=== TASK PROMPT ===
With the pictures left out, reproduce exactly the lines from the one containing "Office Tool Plus v9.0.3.7 With runtime" through the final line of the entries.

══════

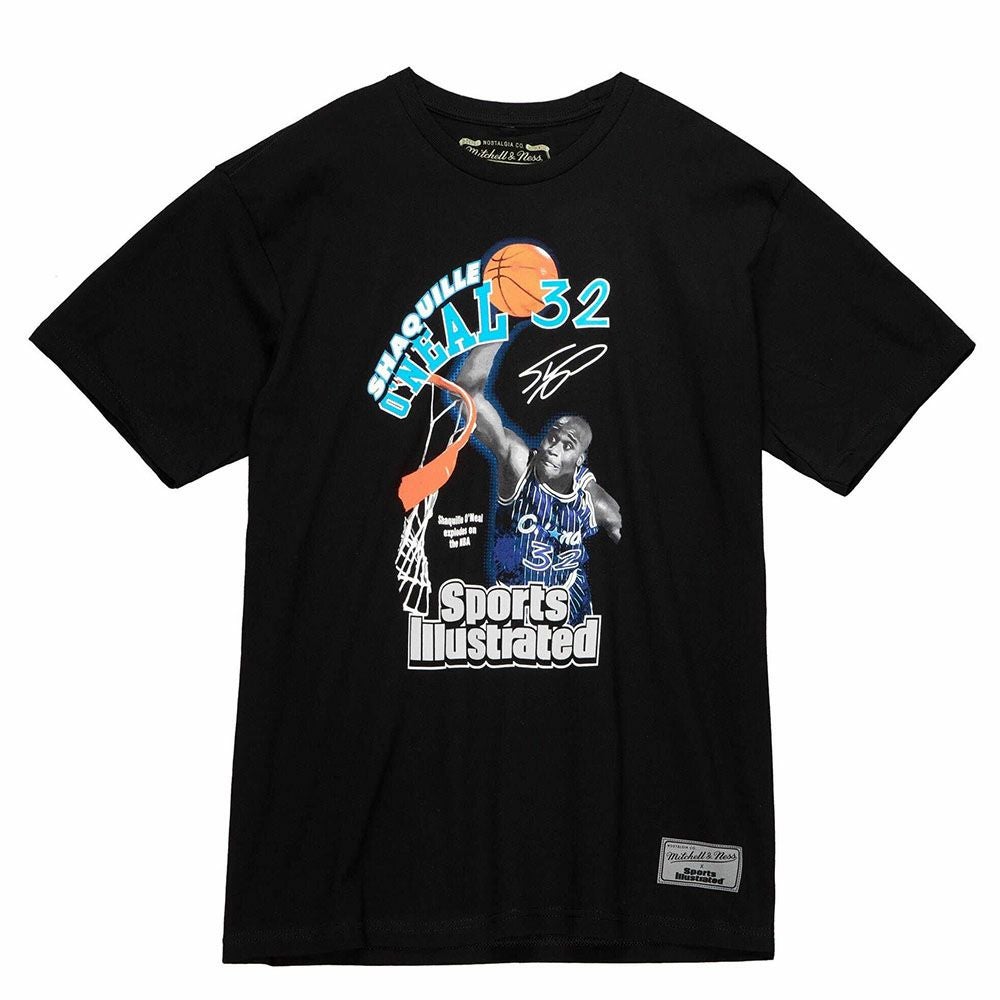 NBA シャキール・オニール オーランド・マジック ユニフォーム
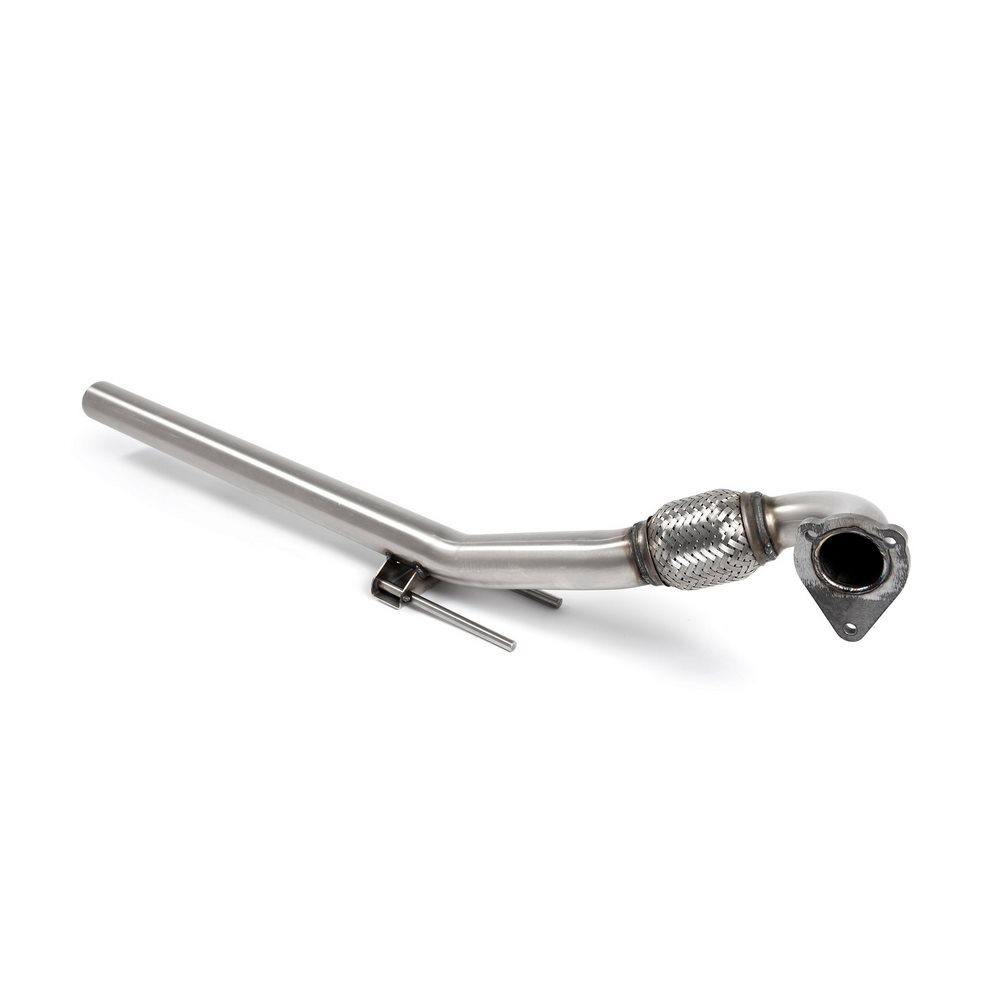 Turbo Milltek SSXVW051 Abstieg - MLK-SSXVW051-S - SSXVW051-S - 3661768906910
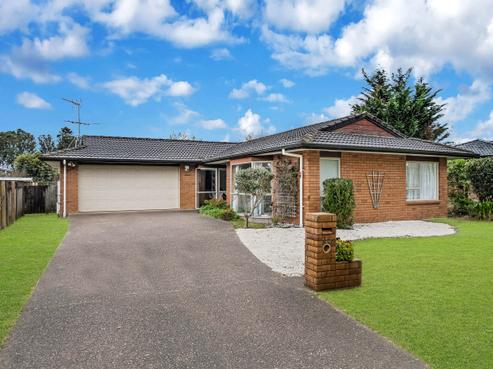25 Huntington Drive, Huntington Park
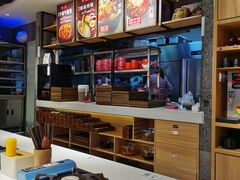 -牛腩之旅·牛腩牛杂煲(光启城美食城店)
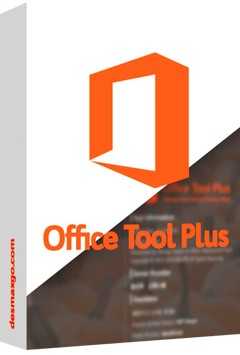 Office Tool Plus v9.0.3.7 With runtime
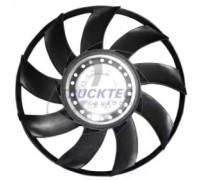 Крыльчатка вентилятора, охлаждение двигателя TRUCKTEC AUTOMOTIVE 08.11.016 0811016 TRUCKTEC AUTOMOTIVE - купить в магазине запчастей по Украине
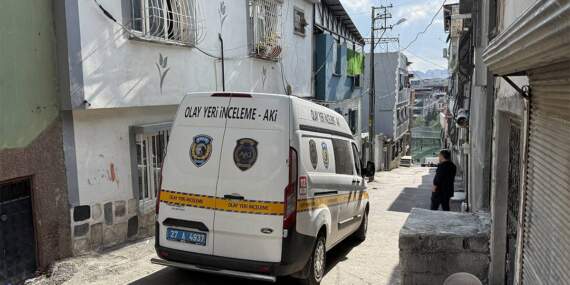 Gaziantep’te korkunç olay! 14 yaşındaki kız tartıştığı babasını öldürdü
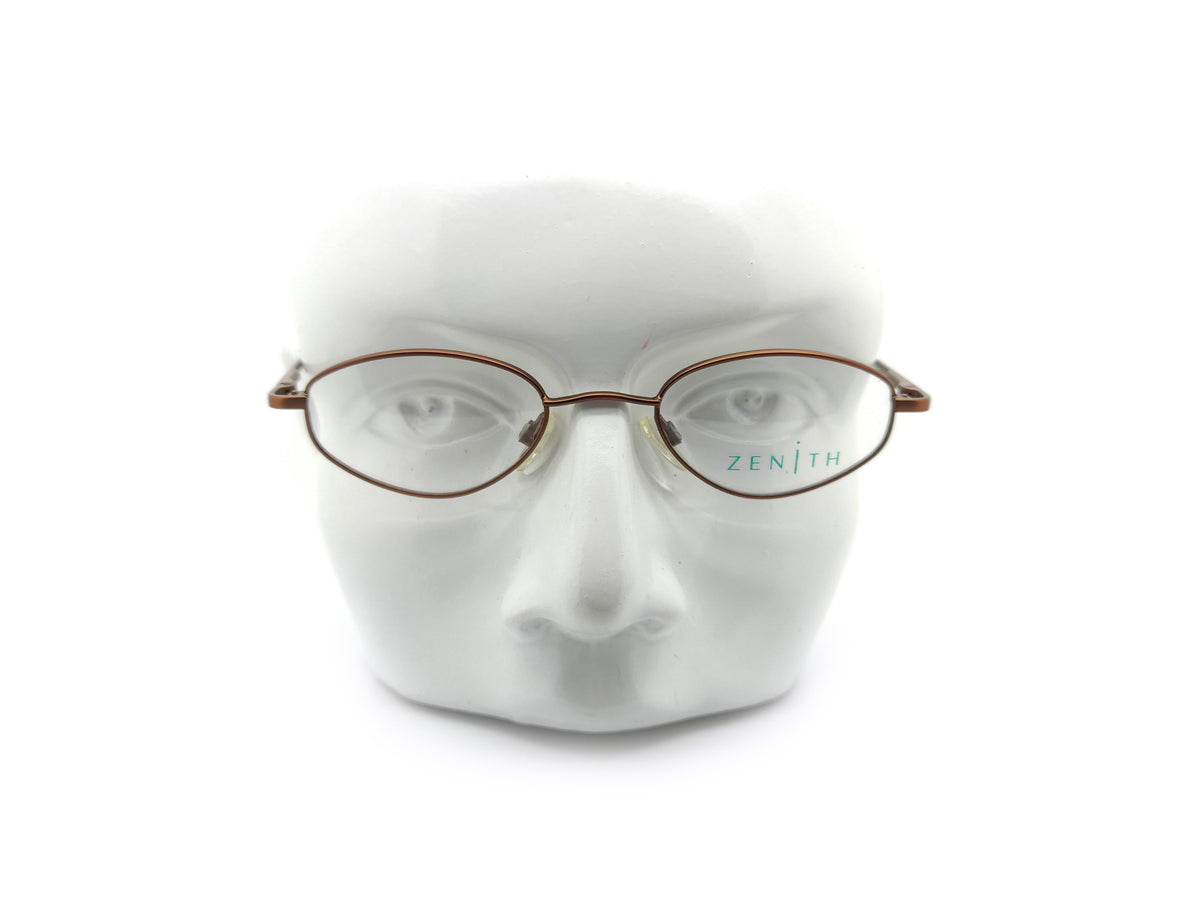 Continental Eyewear - Zenith Brown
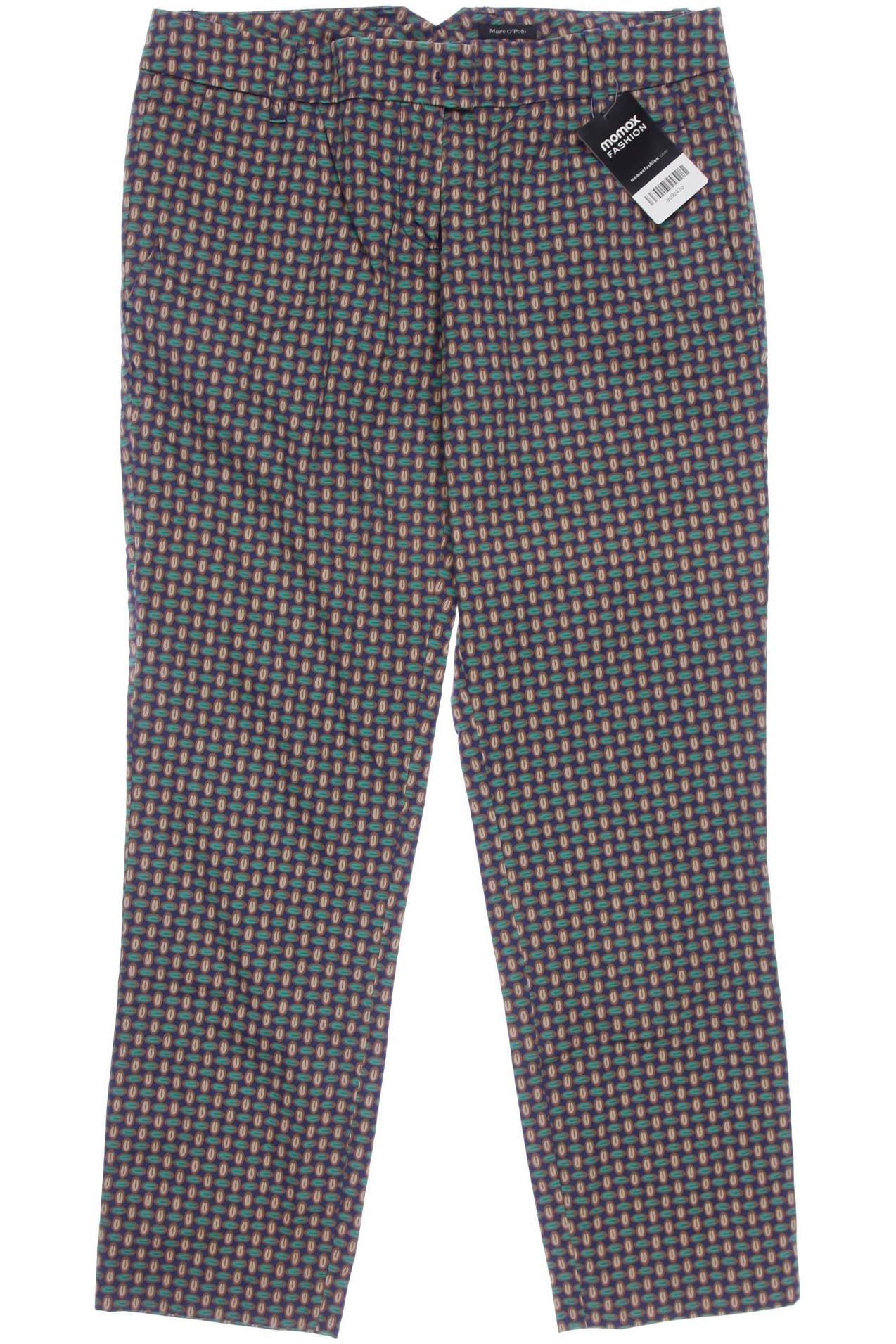 

Marc O Polo Damen Stoffhose, mehrfarbig, Gr. 38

══════

=== SOLUTION TO THIS TASK ===
 Office Tool Plus v9.0.3.7 With runtime
 Крыльчатка вентилятора, охлаждение двигателя TRUCKTEC AUTOMOTIVE 08.11.016 0811016 TRUCKTEC AUTOMOTIVE - купить в магазине запчастей по Украине
 Gaziantep’te korkunç olay! 14 yaşındaki kız tartıştığı babasını öldürdü
 Continental Eyewear - Zenith Brown

Marc O Polo Damen Stoffhose, mehrfarbig, Gr. 38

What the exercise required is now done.